It is Summer, 1950, and twenty-two year old Nathan Oliveira, an aspiring painter, has joined a motley group of about 30 students who have been drawn to Mills College by the presence of an art world celebrity: the German master in exile Max Beckmann. With World War II only five years distant, the American avant garde has begun it's love affair with abstract art, and on both coasts abstraction is the progressive style. Abstraction is also America's way of avoiding specific narrative content in art, and after the horrors of war, brought home in stunning newsreels and photographs, this avoidance provides a kind of relief.

Oliveira, who had been studying at the California College of Arts and Crafts understands that the terse, craggy walls of color created by Professor Clyfford Still in Oakland represent the West Coast vanguard of California Modernism. To be in the class of Beckmann who disliked abstraction and compared it to "nail polish" went against the current trends.

Not only did Beckmann's style, with its Gothic insistence on metaphor and storytelling seem to be past it's heyday, but his classroom performance at first seemed to be beyond tired. Beckmann spoke only a few words of English, and relied on his wife Quappi to translate his public speeches. Could this German in exile, an insomniac who saw every policeman as a Gestapo agent, summon the energy to inform and teach his students? His class at Mills must have been aghast as they watched a scene that Oliveira still remembers vividly:

"Once he was surfing the room and he came up to a little old lady who had no idea who Beckmann was, nor cared. She cared only for a small painting of a house that she had been working on for about two weeks, on a small canvas board. He just passed her many times but this time he stopped, and she stepped back assuming that he would add the golden touch to her piece, and then it would be finished.

Without asking her he stepped up to the palette, got the largest brush he could find in the dirty turpentine, and then splurted out a big goopy wad of black on to the palette. The dear little woman stepped back in horror when he splashed a puddle of turps with the brush into the black. She almost fainted when he then made huge black marks across the face of the little house with a rose entwined fence. He dropped the brush and went on his way saying to her:

'More Blek.'

I do not recall the woman ever returning to the class. "

The incident that Oliveira remembers hints at the way that Beckmann, so suspicious of conformity to anything but the inner self, had turned the sufferings of his life into an immense, awful artistic independence. Black, the color that had served as a metaphor for the absence of God since Medieval times, was the most essential color in Beckmann's own palette, and he would not tolerate paintings that did not admit the reality of life's suffering.
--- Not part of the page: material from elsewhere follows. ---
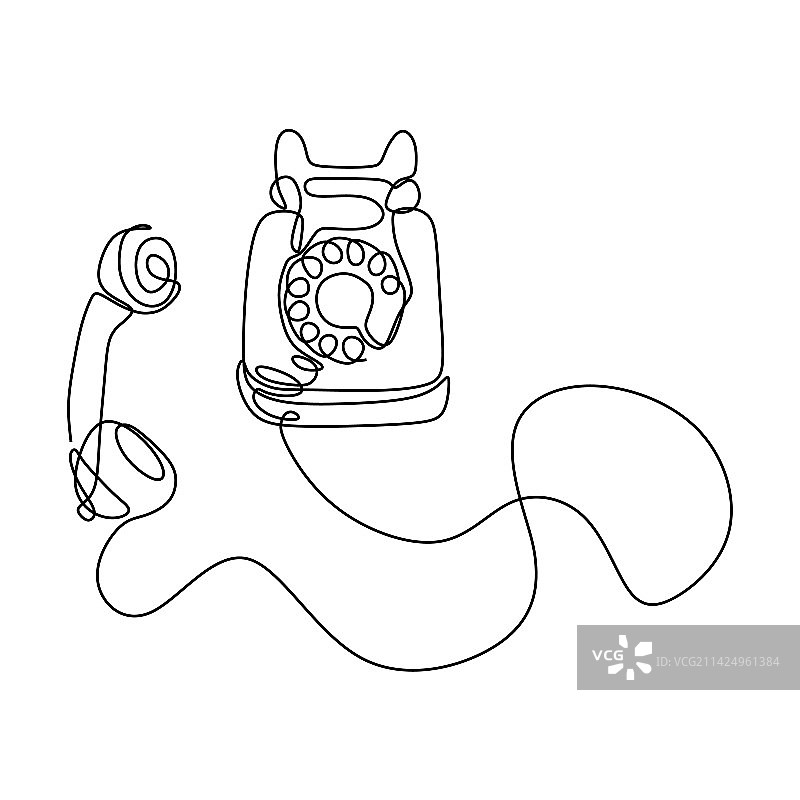 旧电话单线连续设计图片素材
His own paintings were meant to "reproach God for his errors", and for a man who had broken down after seeing the horrors of World War One as an ambulance driver, only to lose his career and his home to the Nazis, a painting without black was an insult to history.

Beckmann's apparent remove from the class could be so intense that Mari Lyons, who was 14 when she attended Beckmann's class at Mills, feels that at one level "none of the students existed for him."

She remembers the classroom feeling like a kind of circus, often centered around a costumed model. Quappi Beckmann would trail her husband, carrying their beloved Pekingese dog Butschy who their friend Perry Rathbone once described as a "vest-pocket Monster." If Beckmann needed translating help from his wife, he would sometimes whistle for her which the students found comical and annoying.

Despite or perhaps because of Beckmann's distance, Lyons found his presence electric, and remembers peering into his basement studio at Mills, watching him pace and smoke. Even as a teenager, she realized that Beckmann had suggested a world of new seriousness to her, and imprinted her with a lofty ideal of a fully committed artist.

The paradox of studying with Beckmann, as Oliveira and Lyons discovered, and which the poor older lady who had asked him to work on her rose garden canvas had not, was that the master's remoteness was there to guard his tremendous sensitivity and warmth. As Perry Rathbone described it:

"His students idolized him...they discovered what all his friends discovered: that Max Beckmann the stranger had a stern, formidable, almost overpowering image -- a man whom one met with some trepidation -- but who, upon personal acquaintance, was a warm, generous, compassionate, deeply understanding human being with a remarkable capacity for friendship."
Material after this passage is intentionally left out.